I figured I'd see what you guys think this truck is worth since many of you drive similar trucks. My neighbor has a truck for sale I'm interested in buying. It's a 1997 Dodge Ram 2500 4x4 regular cab with a Cummins diesel, auto trans, tow package, new tires, 40,000 miles. He also has a popup camper that goes in the bed he wants to sell with it. Kelley Blue book excellent condition is only around $5,600 but he said he wouldn't even consider selling it for $6,000. What do you think is a fair price?


----------



## mdavlee (Dec 16, 2014)

Really to dodge enthusiasts he's got a $10k truck.


----------



## avason (Dec 16, 2014)

I like the fact that it is CA. Here in CT that thing would be rusted out and sell for around 10k like Mdavlee stated. Only 40,000 miles. Wow! I just looked one up in MA and the guy wants $11,000 and it has 125, o00 miles on it. Those Cummins are really desirable.


----------



## crotchclimber (Dec 16, 2014)

Yeah condition is excellent. It's been parked in his carport most of its life. I drove a '99 basically same truck when I was working for the Forest Service and really liked it for a work truck. It could pull water tanks/trailers up steep hills like nothing. Ford V10 was gutless in comparison. I'll see if maybe he will take a trade +cash for my 2002 Ranger since he wants a small pickup instead of his Ram and Rav4. He's elderly and needs money to pay for his wife's rest home bills.


----------



## dieselfitter (Dec 16, 2014)

Last year I paid $10k for 1998.5 Montana truck(rust free project truck) to replace my 1996 that is all rusted out. While looking at truck listings, I was seeing over $20k listings in California. I paid $17k-$18k for my 1996 14 years ago when it had 80k-90k miles on it. Point is, the Cummins powered Dodge's hold their value.


----------



## avason (Dec 16, 2014)

So what is he asking for it? Don't hesitate to long.


----------



## mdavlee (Dec 16, 2014)

Yep. First gens and the 12 valve 2nd gens will bring crazy money like the OBS power strokes in good shape.


----------



## lone wolf (Dec 16, 2014)

crotchclimber said:


> Yeah condition is excellent. It's been parked in his carport most of its life. I drove a '99 basically same truck when I was working for the Forest Service and really liked it for a work truck. It could pull water tanks/trailers up steep hills like nothing. Ford V10 was gutless in comparison. I'll see if maybe he will take a trade +cash for my 2002 Ranger since he wants a small pickup instead of his Ram and Rav4. He's elderly and needs money to pay for his wife's rest home bills.


Best grab it .


----------



## lfnh (Dec 17, 2014)

crotchclimber said:


> Yeah condition is excellent. It's been parked in his carport most of its life. I drove a '99 basically same truck when I was working for the Forest Service and really liked it for a work truck. It could pull water tanks/trailers up steep hills like nothing. Ford V10 was gutless in comparison. I'll see if maybe he will take a trade +cash for my 2002 Ranger since he wants a small pickup instead of his Ram and Rav4. He's elderly and *needs money to pay for his wife's rest home bills*.


 
Old school would find that fine line between a good deal and fair price and lean to considering the seller's circumstances. Just sayin.


----------



## Redbird (Dec 17, 2014)

for a comparison, those trucks aren't cheap anywhere.................

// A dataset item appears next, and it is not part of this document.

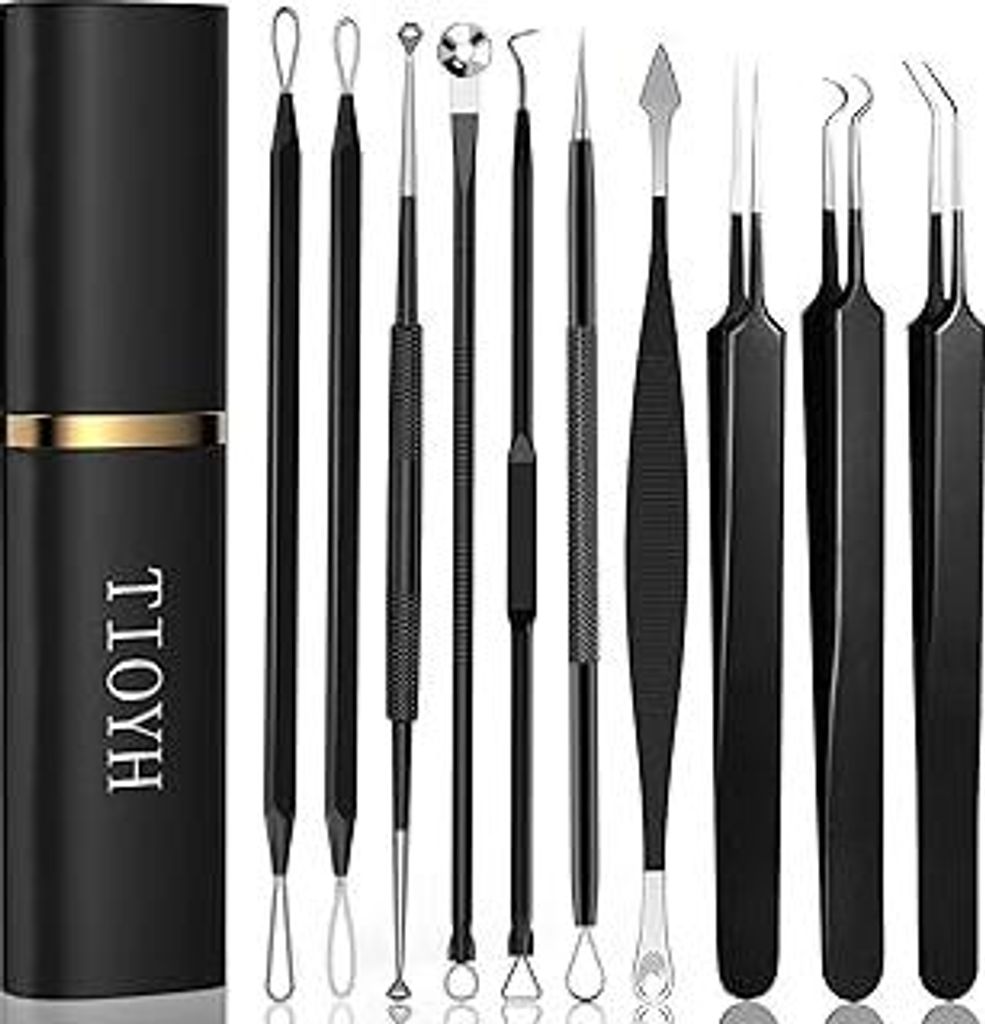 Professionelle Pimple Popper Tool Kit, 10 PCS Mitesser Entferner Pinzette, Extraktor Akne Entfernung Kit für einfache Entfernung für Pickel, Kome...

http://www.cargurus.com/Cars/l-Used-1997-Dodge-Ram-Pickup-2500-c5451#listing=65859277


----------



## bigbadbob (Dec 17, 2014)

Only bad thing in that year was the torque converter,,, I would grab that in a heart beat!!!!
BBB


----------



## PULLINmyPOULAN (Dec 17, 2014)

I have a 1996 had it since 2001.That Being rust free low miles its like new.You bring that to northern Michigan double your money


----------



## crotchclimber (Dec 18, 2014)

I went to look at the truck and camper today. He wants $13,000 for the pair. He is set on a new Toyota Tacoma so no deal on the trade. The camper is a Fourwheel, older but in good shape and with some add-ons. Truck has Rhino lining and power everything. Only damage is to rear bumper. 43,000 miles This is going to nearly clean out my savings. Gonna have to sell my Ranger and trim trees like crazy to save up enough for any trips!


----------



## avason (Dec 19, 2014)

A lot of money but a lot of truck for the money. You'll sell your other truck to even it out a bit. If that's what you want, jump on it. To make you feel better go on fleabay and see what they are going for.


----------



## ChoppyChoppy (Dec 19, 2014)

Your not pricing it correctly. Book value is $10,225.... $5600... yeah, maybe with a gasoline engine.

Heck I sold a 95 3500 2wd with worn paint, leaking 380,000 mile engine/trans for $6k 3 years ago.

My 98 books for $9400 and it has 240,000 miles.


----------